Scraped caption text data
▼
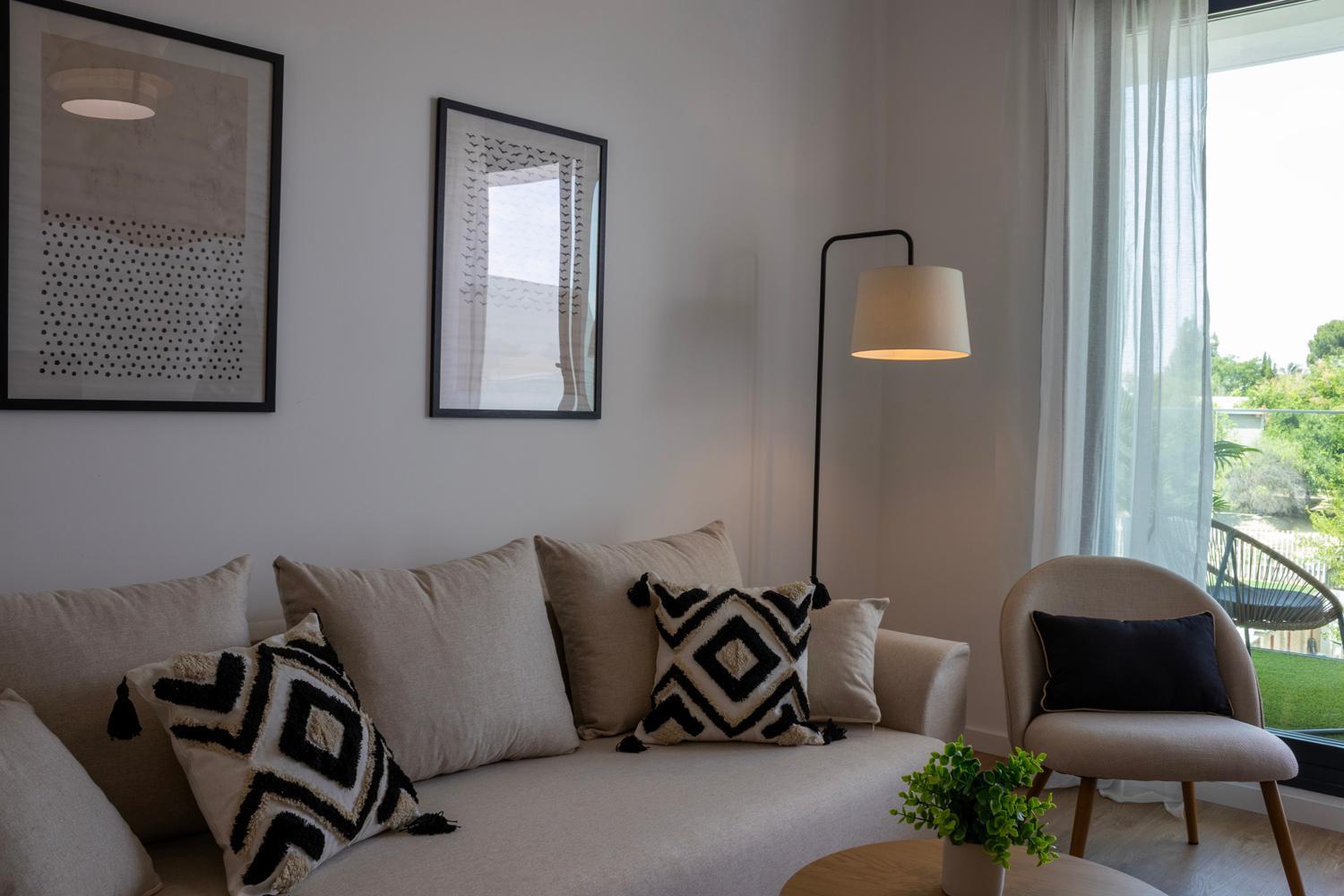 NEW! Luxury 3BR apartment with POOL & FREE parking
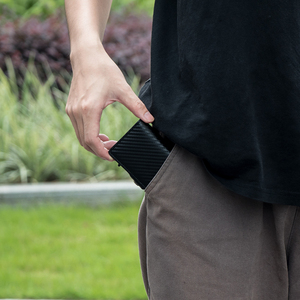 กระเป๋าสตางค์ Casekey Slim Minimalist คาร์บอนไฟเบอร์แบบป๊อปอัพ สมาร์ทวอลเล็ตแฟชั่นสำหรับผู้ชาย ป้องกัน RFID  วัสดุหนัง PU พร้อมช่องใส่บัตร - Product Image 3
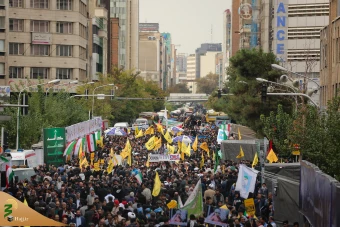 حضور نماینده ولی فقیه در امور حج وزیارت در جمع راهپیمایان یوم الله ١٣ آبان 28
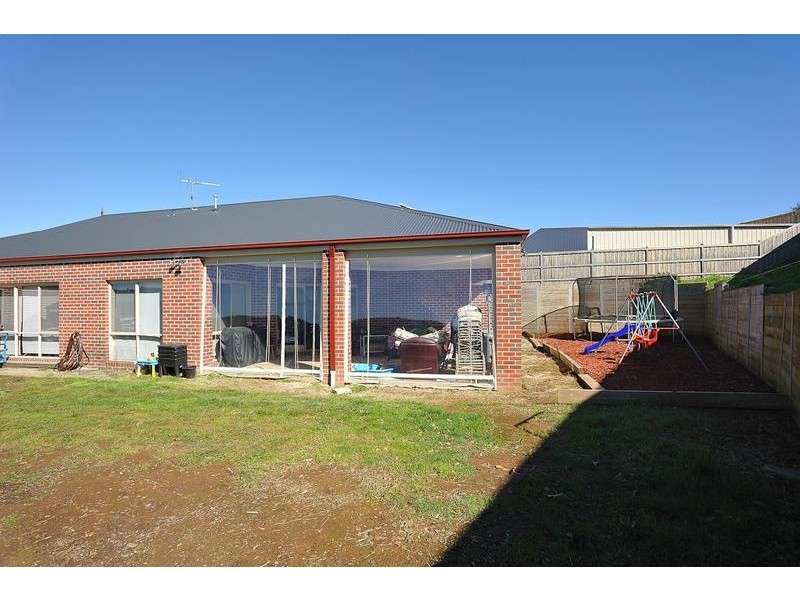 15 Monica Drive, Drouin VIC 3818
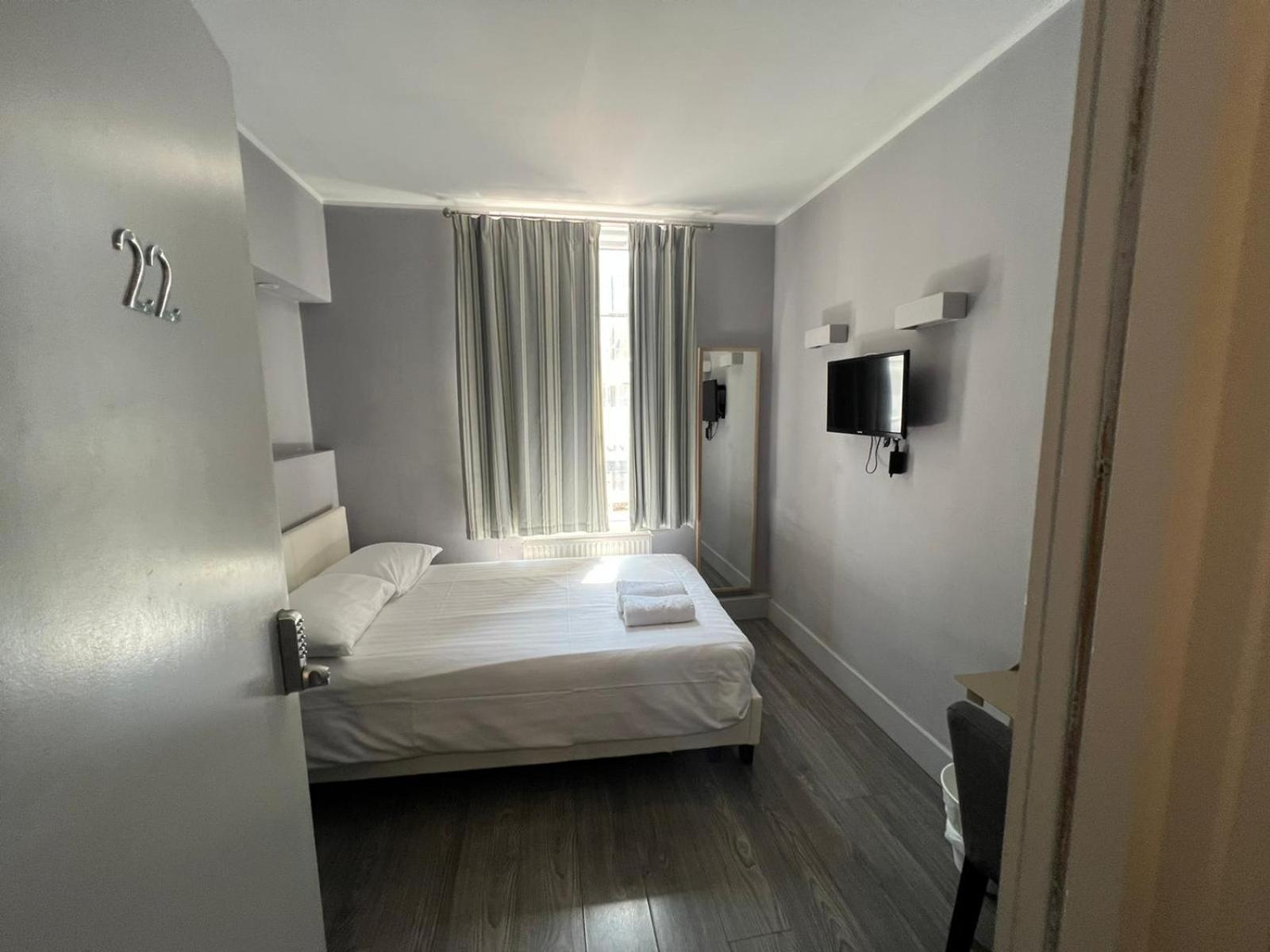 Double Room with Shared Bathroom photo 2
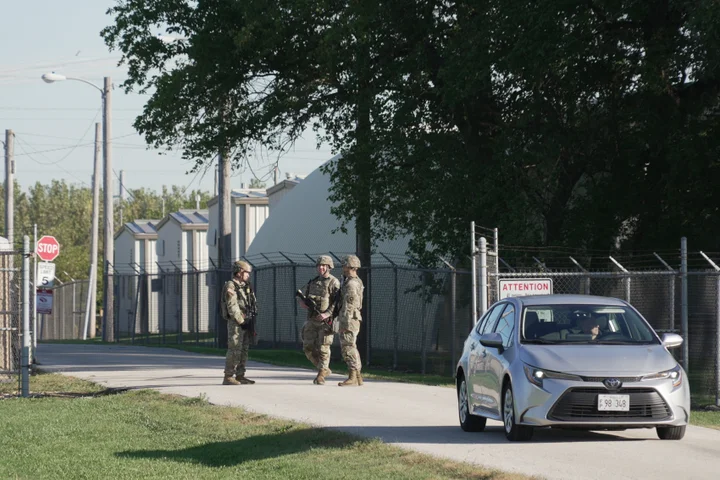 Texas National Guard troops are now defending federal property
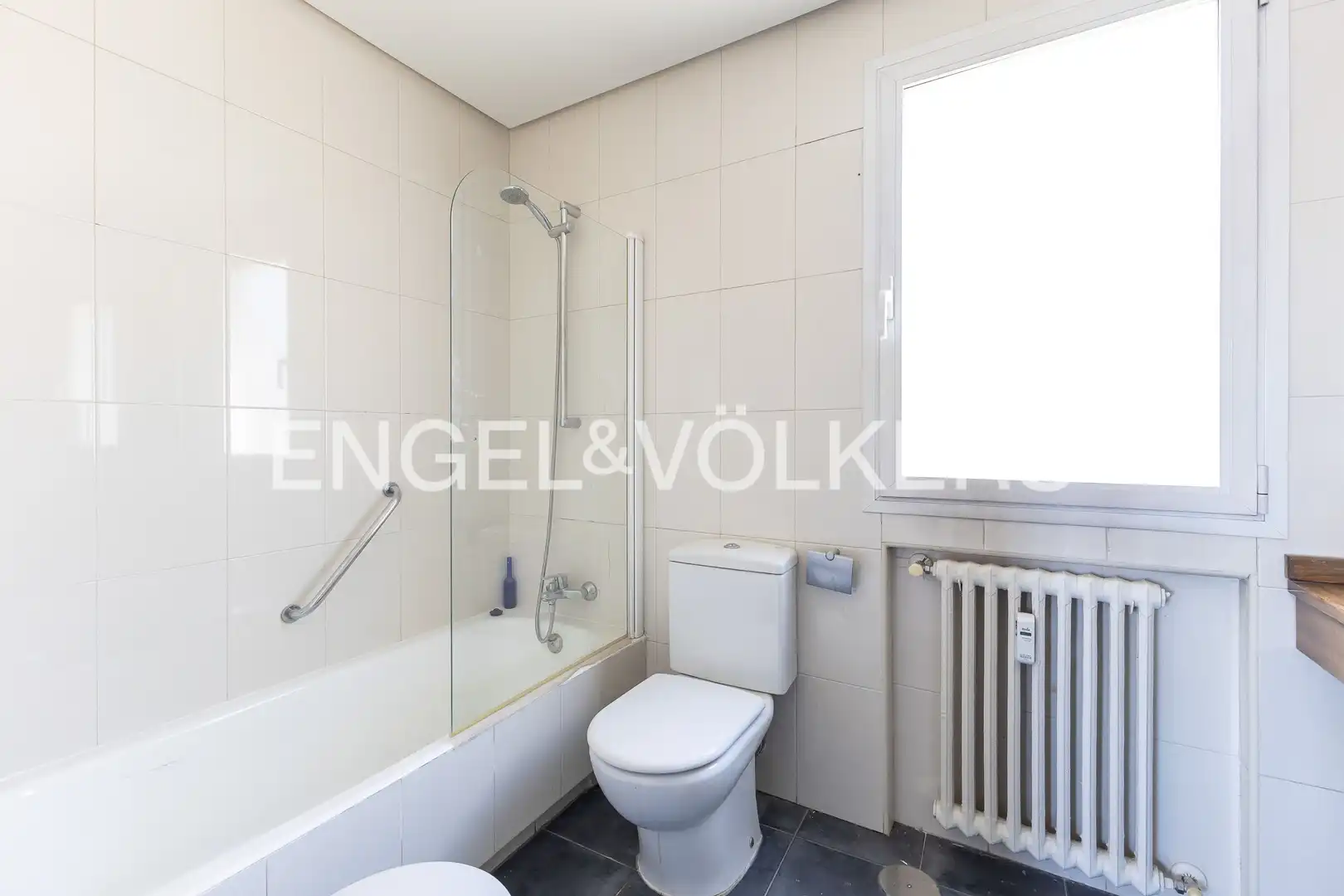 Badezimmer von Wohnung zum Verkauf in Madrid mit Klimaanlage, Heizung und Privatgarten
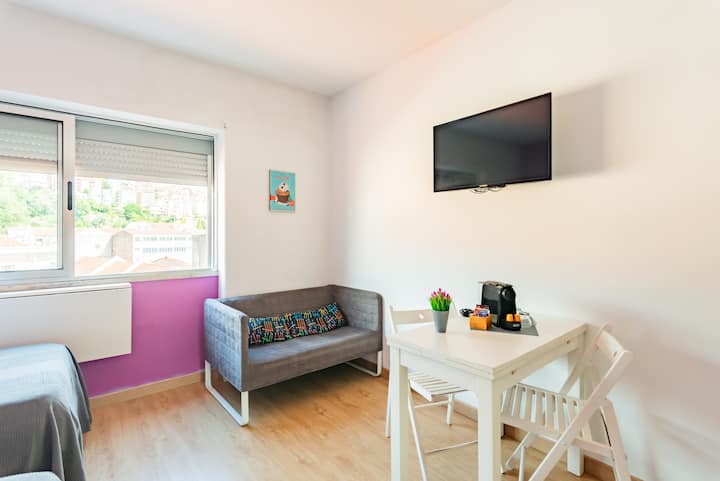 Lovely Blue Studio Coimbra Center 2d With Ac - Pereira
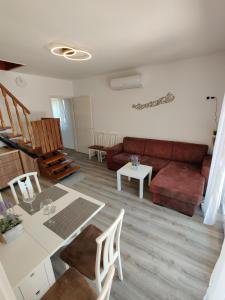 Posedenie v ubytovaní Vonyarc House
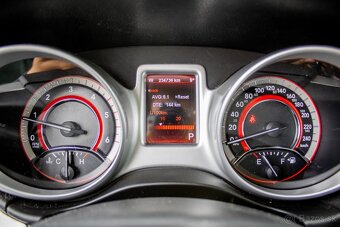 Fiat Freemont 2.0 MultiJet Urban 4x4 A/T - 14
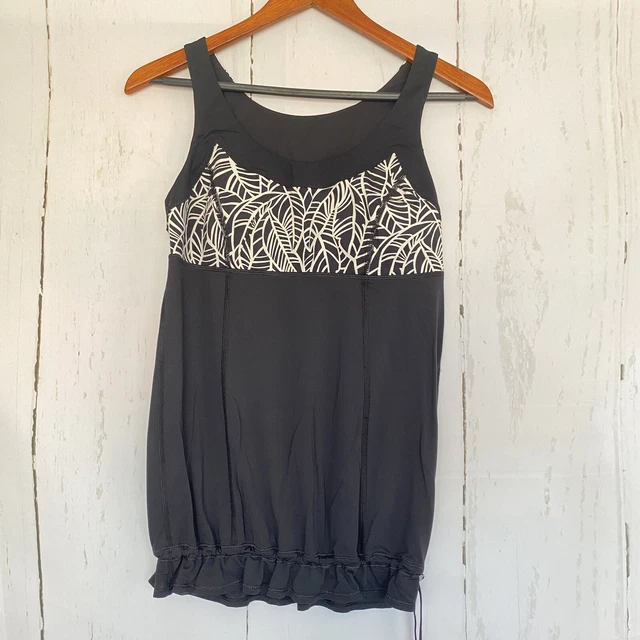 LULULEMON Hustle and Bustle Tank Top  Black/White Angel Wings Print Size 6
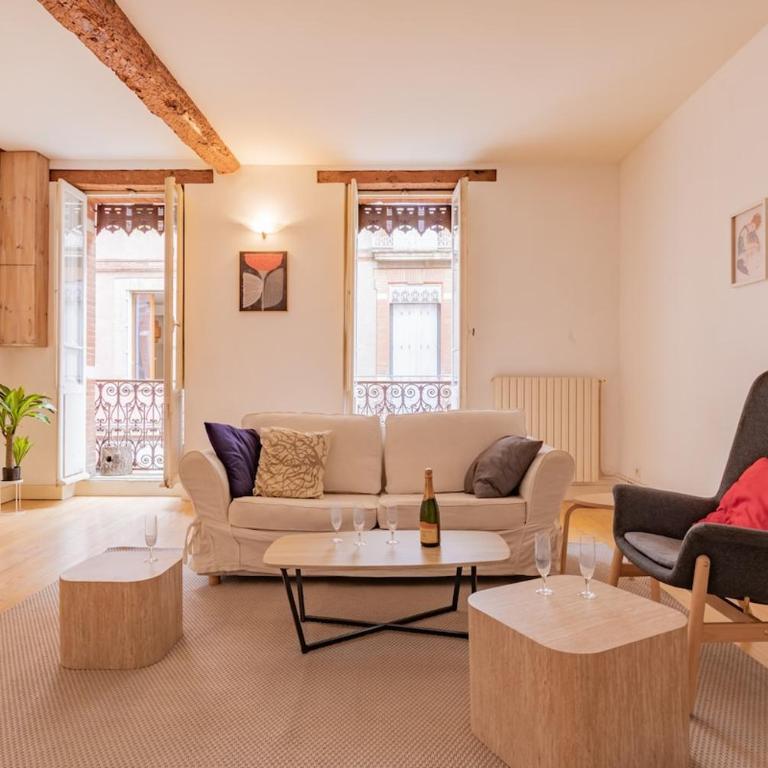 143m2 Hyper Centre Toulouse 9 Personnes, 3 Chambres 2 Salles de bains - Appartement - 1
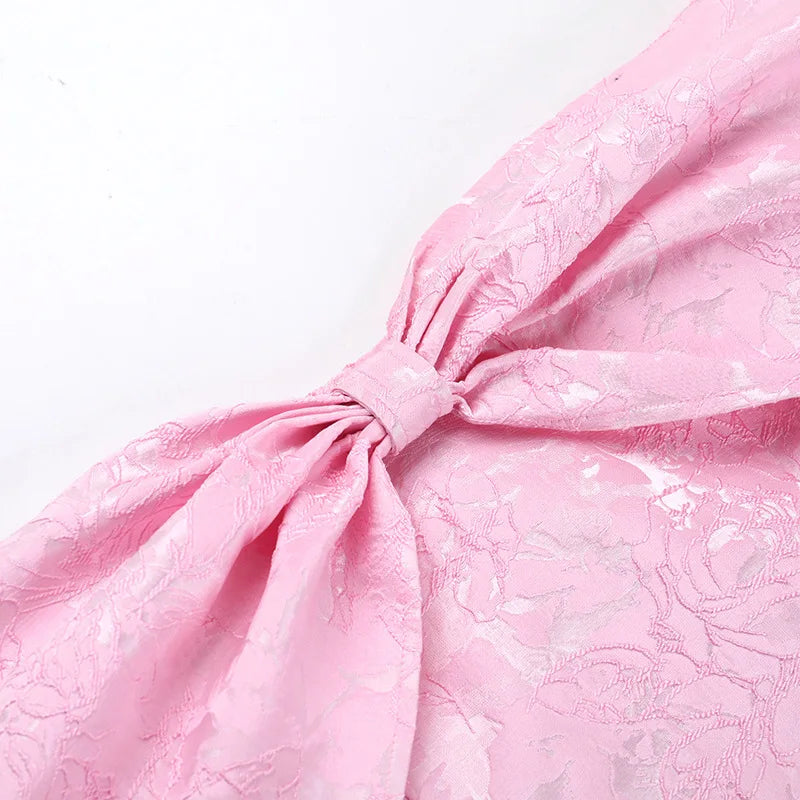 שמלת מיני בגזרת A בעיצוב פפיון בעיטור רקמת איורי פרחים - Lenora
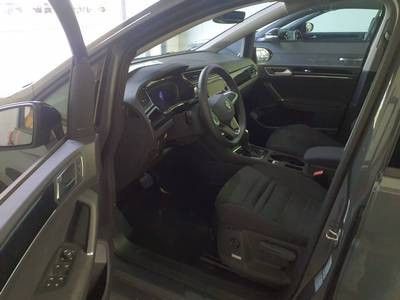 Fahrzeugabbildung Volkswagen Touran Highline 1.5TSI DSG LED Navi PANO AHK 7-S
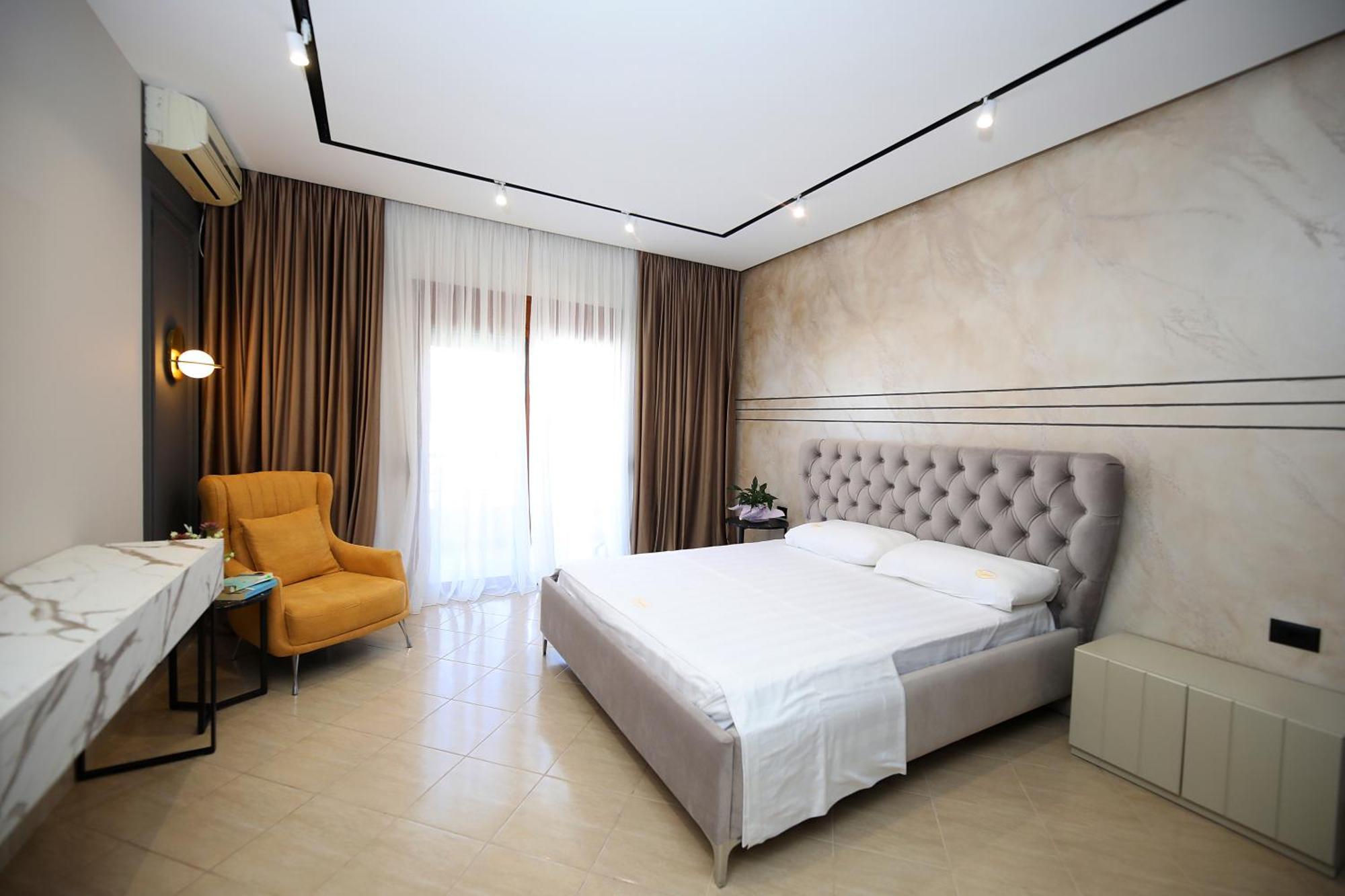 Hotel Erjuma Вльора Екстер'єр фото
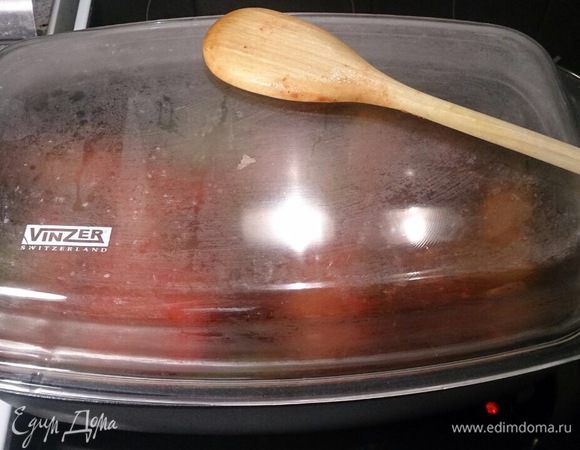 Накрываем крышкой и тушим на среднем огне минут 10 — 15.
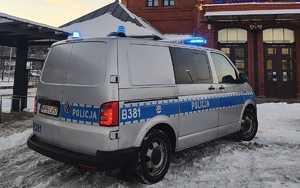 Na zdjęciu radiowóz w rejonie dworca.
▲
**Exercise brief**:
A faithful reproduction of every entry, with no pictures, is the expected answer.

**Completed task**:
 NEW! Luxury 3BR apartment with POOL & FREE parking
 กระเป๋าสตางค์ Casekey Slim Minimalist คาร์บอนไฟเบอร์แบบป๊อปอัพ สมาร์ทวอลเล็ตแฟชั่นสำหรับผู้ชาย ป้องกัน RFID  วัสดุหนัง PU พร้อมช่องใส่บัตร - Product Image 3
 حضور نماینده ولی فقیه در امور حج وزیارت در جمع راهپیمایان یوم الله ١٣ آبان 28
 15 Monica Drive, Drouin VIC 3818
 Double Room with Shared Bathroom photo 2
 Texas National Guard troops are now defending federal property
 Badezimmer von Wohnung zum Verkauf in Madrid mit Klimaanlage, Heizung und Privatgarten
 Lovely Blue Studio Coimbra Center 2d With Ac - Pereira
 Posedenie v ubytovaní Vonyarc House
 Fiat Freemont 2.0 MultiJet Urban 4x4 A/T - 14
 LULULEMON Hustle and Bustle Tank Top  Black/White Angel Wings Print Size 6
 143m2 Hyper Centre Toulouse 9 Personnes, 3 Chambres 2 Salles de bains - Appartement - 1
 שמלת מיני בגזרת A בעיצוב פפיון בעיטור רקמת איורי פרחים - Lenora
 Fahrzeugabbildung Volkswagen Touran Highline 1.5TSI DSG LED Navi PANO AHK 7-S
 Hotel Erjuma Вльора Екстер'єр фото
 Накрываем крышкой и тушим на среднем огне минут 10 — 15.
 Na zdjęciu radiowóz w rejonie dworca.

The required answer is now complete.